I’ve just had a phone call from Lance Armstrong’s agent and, apparently, he wants to sponsor  this site. All I have to do is give a clean blood sample and he’ll pay me a load of money.

Lance Armstrong is one of the greatest liars of all time, second to Jimmy Savile. Like Savile, he conned us big style and, like Savile, we all kind of knew.

Savile was creepy, Armstrong was beyond human but the questions that remained unanswered when these two odious individuals were in their so-called ‘glory days’ are almost as criminal. The bigger the lie, the more they’ll believe it.

I am not putting Armstrong in the same league as Savile – I just need to make that clear. Armstrong is not evil, he’s just fundamentally flawed as an individual, Savile, however,  is a monster.

This morning like millions of others, I watched the Armstrong interview with Oprah Winfrey, and although there is a part of me that respects such a candid outpouring, what amazes me is how devastatingly composed he is. This composure just begs the question: what else is he lying about?

There’s a lot more to this and I suspect there will be many more revelations in the years to come. Lance Armstrong is right when he says his confession has come too late: the lie he has told is just so monumentally massive that it’s hard to get your head around. How can a man win the biggest prize seven times and get away with it?

Lawyers knew, they knew the extent of the lie and they took the money. Armstrong sued everyone who stood in his way. Journalist David Walsh knew the truth and his paper got sued. Armstrong’s relationship with the mirror must have been remote.

Armstrong eventually told the truth because he simply could not ignore the fact that the evidence around him was so compelling. He did not volunteer this information because of some sort of Saul-on-the-road-to-Damascus enlightenment. He did it because he had to. The game was up.

The lie was so big that we didn’t really want to hear the truth. So many turned to Lance Armstrong for inspiration, yet that inspiration was founded on deceit and I don’t know if cycling will ever truly recover from this – Bradley Wiggins is leading the sport’s recovery, winning the Tour de France as a clean rider. Of course, I don’t know that for sure, but one suspects that this mess has scarred the sport so badly that it should deter even the temptation to cheat.
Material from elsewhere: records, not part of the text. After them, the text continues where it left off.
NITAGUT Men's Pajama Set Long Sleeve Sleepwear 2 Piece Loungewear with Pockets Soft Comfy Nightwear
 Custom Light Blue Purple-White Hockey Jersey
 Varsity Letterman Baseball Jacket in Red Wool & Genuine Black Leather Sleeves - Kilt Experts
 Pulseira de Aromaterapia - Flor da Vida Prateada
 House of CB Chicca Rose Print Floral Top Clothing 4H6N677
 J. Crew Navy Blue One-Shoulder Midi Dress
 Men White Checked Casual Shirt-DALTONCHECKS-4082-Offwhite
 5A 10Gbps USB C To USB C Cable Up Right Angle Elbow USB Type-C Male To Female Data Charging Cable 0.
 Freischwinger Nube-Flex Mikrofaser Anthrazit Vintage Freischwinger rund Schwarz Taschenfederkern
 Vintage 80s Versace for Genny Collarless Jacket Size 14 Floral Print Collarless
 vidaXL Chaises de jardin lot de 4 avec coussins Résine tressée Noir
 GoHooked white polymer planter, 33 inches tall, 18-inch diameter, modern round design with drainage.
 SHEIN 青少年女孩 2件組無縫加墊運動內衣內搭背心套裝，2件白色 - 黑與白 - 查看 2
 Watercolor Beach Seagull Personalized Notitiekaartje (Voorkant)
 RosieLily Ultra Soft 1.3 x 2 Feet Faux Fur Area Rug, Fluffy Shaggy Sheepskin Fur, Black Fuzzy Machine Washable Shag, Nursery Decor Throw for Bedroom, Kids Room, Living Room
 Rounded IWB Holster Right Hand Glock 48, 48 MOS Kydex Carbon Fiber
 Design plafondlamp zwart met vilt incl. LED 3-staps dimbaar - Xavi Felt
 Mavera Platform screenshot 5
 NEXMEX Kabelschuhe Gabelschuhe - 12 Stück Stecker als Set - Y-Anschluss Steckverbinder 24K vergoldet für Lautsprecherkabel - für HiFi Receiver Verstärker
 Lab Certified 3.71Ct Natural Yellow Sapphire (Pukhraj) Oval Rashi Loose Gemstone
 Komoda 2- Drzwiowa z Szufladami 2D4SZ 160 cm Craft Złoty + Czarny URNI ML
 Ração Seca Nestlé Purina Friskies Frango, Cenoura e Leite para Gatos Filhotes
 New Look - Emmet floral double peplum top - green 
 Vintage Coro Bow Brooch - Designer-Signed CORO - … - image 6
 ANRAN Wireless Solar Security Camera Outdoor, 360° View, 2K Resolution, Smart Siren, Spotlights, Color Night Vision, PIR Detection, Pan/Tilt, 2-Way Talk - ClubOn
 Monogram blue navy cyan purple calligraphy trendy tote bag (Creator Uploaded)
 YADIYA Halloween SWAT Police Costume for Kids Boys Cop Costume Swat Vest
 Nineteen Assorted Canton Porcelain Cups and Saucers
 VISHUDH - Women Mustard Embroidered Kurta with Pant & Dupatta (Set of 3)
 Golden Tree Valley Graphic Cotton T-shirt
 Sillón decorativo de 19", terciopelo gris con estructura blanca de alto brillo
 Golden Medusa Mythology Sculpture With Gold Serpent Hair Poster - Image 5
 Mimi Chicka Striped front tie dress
I don’t know what to think about Armstrong. Does one forgive and accept the contrition, or do you continue to nail this man to his own personal cross? One finds it difficult to find a place to forgive liars, but we all have to accept that we’ve all told lies, they are just not as big as Armstrong’s. Watching Armstrong, we all see a bit of ourselves in him: the white lies we’ve told and the big fat ones. I just hope we don’t ignore the truth because, without getting over-trite, the truth does set you free. Armstrong’s story proves that.